In today's episode, I sit down with Jay Rosner to explore the realm of standardized testing, discuss fairness in education, and dissect the recent legal battles over affirmative action in college admissions.
BIO
Jay Rosner is an admission testing and test-prep expert based in the San Francisco Bay area. He is the Executive Director of The Princeton Review Foundation, a small nonprofit that provides heavily subsidized, high-quality test-prep programs for organizations serving low- income, underrepresented minority students. His multifaceted work focuses upon fairness in admissions tests, and he speaks and writes about testing as an activist, advocate, expert witness, consultant, researcher, organizer and lapsed lawyer.
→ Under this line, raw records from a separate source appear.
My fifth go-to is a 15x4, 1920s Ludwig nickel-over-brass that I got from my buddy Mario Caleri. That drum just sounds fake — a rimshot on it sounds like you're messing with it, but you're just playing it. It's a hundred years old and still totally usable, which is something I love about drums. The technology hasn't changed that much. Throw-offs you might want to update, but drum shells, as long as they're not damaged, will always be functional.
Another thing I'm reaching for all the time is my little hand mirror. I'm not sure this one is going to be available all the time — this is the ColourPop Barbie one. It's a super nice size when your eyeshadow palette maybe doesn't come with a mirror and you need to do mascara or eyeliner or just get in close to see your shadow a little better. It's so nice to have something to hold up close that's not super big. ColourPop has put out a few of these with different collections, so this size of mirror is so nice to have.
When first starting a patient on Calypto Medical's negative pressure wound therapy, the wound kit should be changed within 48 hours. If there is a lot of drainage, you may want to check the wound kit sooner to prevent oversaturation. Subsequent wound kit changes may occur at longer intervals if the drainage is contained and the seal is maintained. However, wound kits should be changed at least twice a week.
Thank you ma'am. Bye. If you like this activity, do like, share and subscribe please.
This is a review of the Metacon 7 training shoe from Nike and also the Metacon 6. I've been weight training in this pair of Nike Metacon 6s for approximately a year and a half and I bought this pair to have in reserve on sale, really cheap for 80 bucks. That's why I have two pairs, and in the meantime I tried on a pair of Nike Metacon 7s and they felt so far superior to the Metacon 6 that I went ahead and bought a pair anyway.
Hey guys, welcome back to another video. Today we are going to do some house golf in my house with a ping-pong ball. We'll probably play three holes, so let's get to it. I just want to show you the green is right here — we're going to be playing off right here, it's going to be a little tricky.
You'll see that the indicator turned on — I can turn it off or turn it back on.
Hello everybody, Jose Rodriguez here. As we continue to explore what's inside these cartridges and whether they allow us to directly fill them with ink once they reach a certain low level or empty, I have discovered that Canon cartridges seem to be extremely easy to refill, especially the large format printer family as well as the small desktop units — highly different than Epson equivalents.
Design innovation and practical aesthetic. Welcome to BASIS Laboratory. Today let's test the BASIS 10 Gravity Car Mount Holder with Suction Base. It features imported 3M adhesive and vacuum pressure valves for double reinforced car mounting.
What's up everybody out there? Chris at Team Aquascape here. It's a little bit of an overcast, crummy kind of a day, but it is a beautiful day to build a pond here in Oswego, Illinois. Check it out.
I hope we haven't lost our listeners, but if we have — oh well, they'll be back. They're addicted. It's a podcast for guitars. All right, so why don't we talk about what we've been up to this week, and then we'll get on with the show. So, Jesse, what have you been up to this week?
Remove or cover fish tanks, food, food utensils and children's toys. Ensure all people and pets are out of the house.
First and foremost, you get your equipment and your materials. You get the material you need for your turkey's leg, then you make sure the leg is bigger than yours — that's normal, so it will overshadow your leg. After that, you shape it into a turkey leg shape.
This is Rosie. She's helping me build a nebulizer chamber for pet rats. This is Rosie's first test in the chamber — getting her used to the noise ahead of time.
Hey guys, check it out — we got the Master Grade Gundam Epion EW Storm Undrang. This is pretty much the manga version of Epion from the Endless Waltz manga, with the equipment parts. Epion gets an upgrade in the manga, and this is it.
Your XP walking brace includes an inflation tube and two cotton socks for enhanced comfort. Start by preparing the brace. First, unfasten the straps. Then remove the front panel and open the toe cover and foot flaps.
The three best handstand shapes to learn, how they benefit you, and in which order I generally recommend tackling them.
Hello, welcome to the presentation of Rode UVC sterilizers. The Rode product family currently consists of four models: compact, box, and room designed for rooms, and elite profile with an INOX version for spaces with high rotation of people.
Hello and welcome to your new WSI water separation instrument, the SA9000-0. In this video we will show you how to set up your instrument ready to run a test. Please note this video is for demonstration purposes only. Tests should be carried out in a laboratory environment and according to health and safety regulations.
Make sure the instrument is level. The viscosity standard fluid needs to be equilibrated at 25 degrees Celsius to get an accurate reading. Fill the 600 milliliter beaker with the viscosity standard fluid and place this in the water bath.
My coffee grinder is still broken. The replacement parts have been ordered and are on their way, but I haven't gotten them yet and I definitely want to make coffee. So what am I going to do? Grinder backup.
Jay testified as an expert witness on the LSAT on behalf of minority student intervenors at the trial of the landmark
Grutter affirmative action case. More recently, he organized the intervention by individual minority students in
SFFA v. Harvard, and had been an ongoing participant in the process leading to the historic 2020 decision by the University of California system to become test free in undergraduate admissions. His research contribution is his non- technical analysis of how test question selection methods subjectively and consistently produce dramatic test score disparities. Jay’s current focus is reducing the discriminatory impacts primarily of the LSAT, and secondarily, of the MCAT and SAT, in order to enhance integration and fair representation.